Have you ever wondered in how many ways we can overlap 2 squares? Probably not, this is not the kind of questions we ask ourselves when shaving in the morning.

Initially I was looking for a problem where I can use my computer to do a bit of experimental mathematics. As I’m not a mathematician, I found this problem interesting because it didn’t seem to require advanced knowledge in mathematics (at least no more than a bit of analytic geometry).

Surprisingly, after many searches on Google I found nothing on this subject except a similar problem for circles on the Numberphile YouTube channel.
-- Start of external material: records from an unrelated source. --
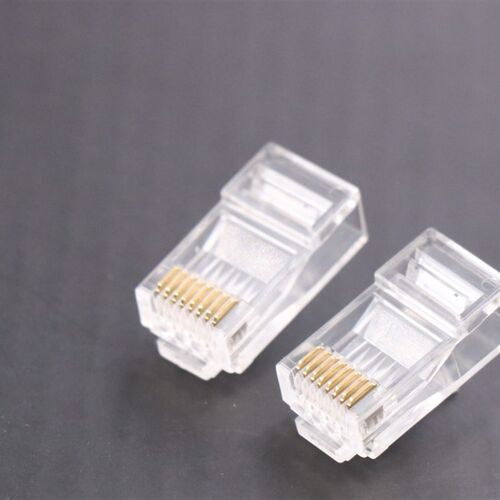 ADSON/艾德生工程级超五类网络水晶头3叉RJ45水晶头8P8C网线接头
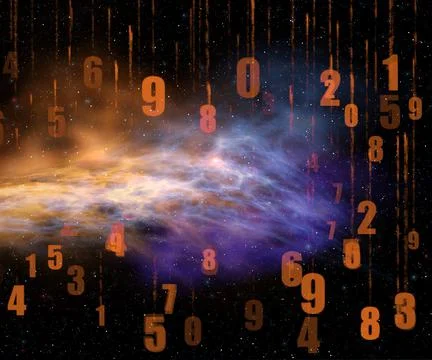 Concept of IT cloud computing Stock Illustration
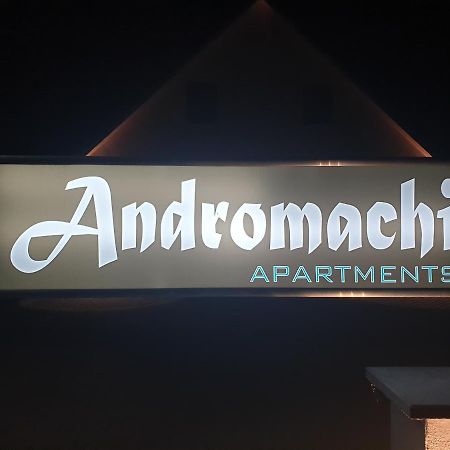 Andromachi Apartments Jembke Eksteriør bilde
Assuming I was walking on an unexplored territory, I decided to try to answer this question for 2 squares, 3 squares and so one… exciting !

First I had to define some reasonable rules of construction:

• 2 arrangements of n squares are considered the same if one can be continuously changed to the other without any vertex passing through an edge.
• The squares can be rescaled, rotated or translated but they must keep their square shape and be contained in a finite space, they cannot be reduced to a point.
• A vertex cannot be superimposed with an edge or with another vertex.
• Turning the whole configuration over is allowed (mirror image) and will not create a new arrangement.
• The squares are drawn in an affine plane. Figure 1. (a) and (b) represent the same arrangement because we can pass from (a) to (b) by translating and rotating the squares without having to let any vertex passing through an edge. However (b) and (c) are different because we are forced to pass one vertex through an edge in order to make the transition.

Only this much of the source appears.